It copies the data read into an interim buffer local to the thread class, and issues a data flow event, handled by the BAB.
The BAB data flow event handling code, executing in the context of the reader thread, posts a message to its own window handle indicating that data has been read by the reader thread.
The reader thread then waits on a semaphore which will indicate that the data has been read by the main VCL thread.
Some time later, the main VCL thread processes outstanding messages for the component, in the same way as for all components with a window handle.
Amongst those messages waiting for the component is the notification message posted by the reader thread. This message is handled, and generates an OnRead event for the component.
The OnRead event is handled by the logic in the rest of the application (probably the main form), and this will likely result in the VCL thread trying to read data.
The VCL thread calls the AsyncRead method of the BAB.
AsyncRead copies the data out of the interim buffer and returns it to the VCL thread. It then releases the semaphore that the reader thread is blocked on, allowing it to try and perform another read operation on the bi-directional buffer.

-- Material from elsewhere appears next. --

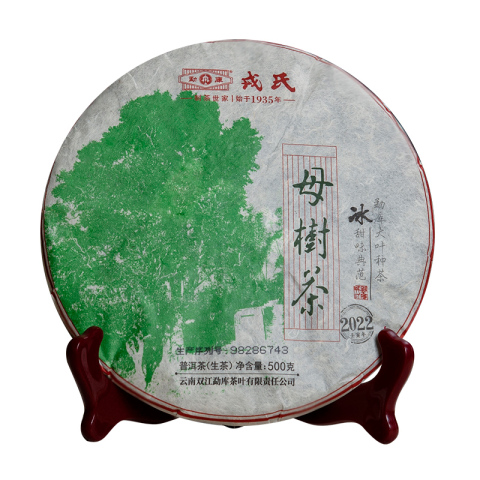 2022年母树茶 云南普洱茶 生茶饼 500克茶品图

The BAB performs in exactly the same manner when writing. The write is performed asynchronously by the VCL thread, the BAB internal writer thread is woken up and performs a blocking write on the bi-directional buffer, and once that write completes, the VCL thread is notified via an event that more write operations may be attempted.

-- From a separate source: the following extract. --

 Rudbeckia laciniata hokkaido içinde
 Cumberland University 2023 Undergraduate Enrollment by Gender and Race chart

In essence, the interface between blocking and asynchronous operation via message posting is identical to that introduced informally in earlier examples. The difference with this component is that the details are encapsulated from the end user, and the problem is solved in a more formal, well defined manner.

Here is the code for this component. Several points can be profitably noted. On the whole, TThread descendants make little use of inheritance. However, in this particular case, the reader and writer threads have a large amount of common functionality, which is implemented in a base class, TBlockAsyncThread. This class contains:

The interim buffer, which holds just a single pointer.
A critical section to allow atomic access to the interim buffer.
A pointer to the bi-directional buffer to use for blocking operations. This is set by the BAB to the bi-directional buffer used internally in the BAB.
An event, "OnDataFlow", which is handled by the BAB component.
An idle semaphore. This semaphore is used to implement the "Wait for VCL write" and "Wait for VCL read" operations in a generic manner.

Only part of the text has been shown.